Exceptions to the Jail Removal Rule

  1. 6-Hour Hold Exception

    The Office of Juvenile Justice and Delinquency Prevention regulations allow for a “6-hour grace period” that permits the secure detention of juveniles in adult jails and lockups under the following circumstances:

    • An accused delinquent may be detained for up to six hours for the purposes of identification, processing, and to arrange for release to parents or transfer to juvenile court, juvenile shelter or a juvenile detention center. During this time no sight and sound contact with adult inmates is allowed.

    • An accused or adjudicated delinquent may be detained for up to six hours before a court appearance and up to an additional six hours after a court appearance awaiting transport or release. During this time no sight and sound contact with adult inmates is allowed. These times cannot be combined.

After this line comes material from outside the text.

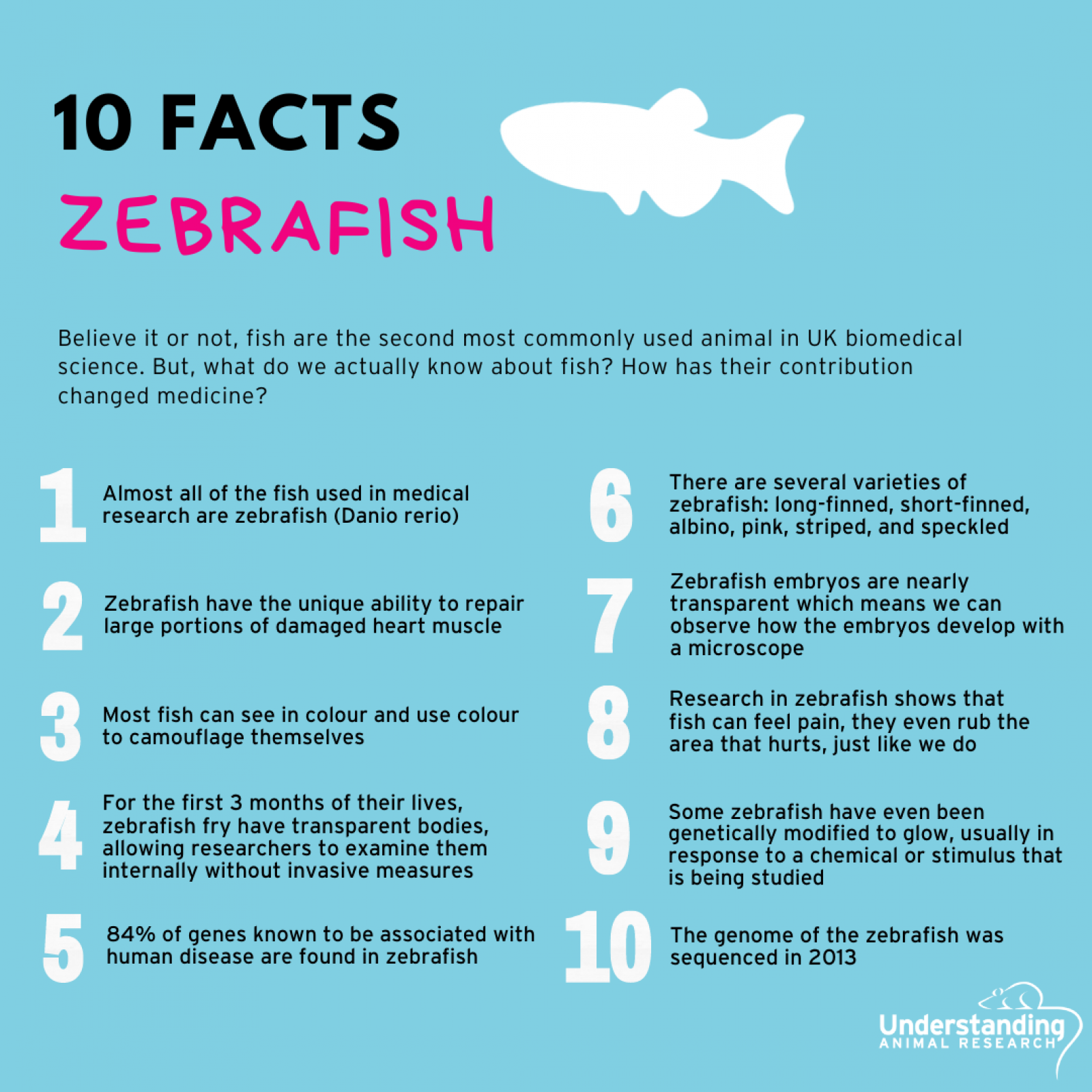 10 facts about fish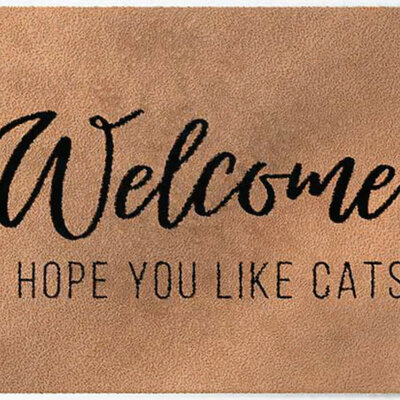 ColorStar-I Hope you like cats- binnendeurmat-kameel-85x150 cm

For example, a delinquent may not be held for four hours before court and eight hours after court for a total of 12 hours.

    These 6-hour grace periods start the moment the juvenile is placed in the secured setting and the “clock” cannot be stopped until the juvenile is permanently removed from the secured setting. For example, if a juvenile were placed in a secured setting at 1000 hours, then temporarily removed at 1100 hours for questioning and returned to the secured setting at 1300 hours, the juvenile would be considered in continuous secure custody from the beginning time of 1000 hours or a total of 3 hours. Therefore, in this case, the juvenile must be released no later than 1600 hours or a violation of the Jail Removal core requirement 6-hour grace period occurs.

    If a juvenile is arrested for a very serious offense such as murder and it is anticipated that activities such as lab work and investigation will take longer than 6 hours, the juvenile should be processed and transported to a juvenile detention facility pending completion of these activities or the direct filing of charges in criminal court.

  2. Exception for Transferred or Direct File Juveniles ­ Juveniles who have been judicially waived to, direct filed by the district attorney, or are otherwise under the jurisdiction of the adult criminal court do not fall under the purview of the JJDP Act. However, state law requires that if they are held securely they must be held separately from adults. [ Maine Juvenile Code Title 15 Section 3203-A 7 (A)(1)(2)]. The transfer or direct filing of charges must have been completed before they are excluded from the JJDP Act and core protections.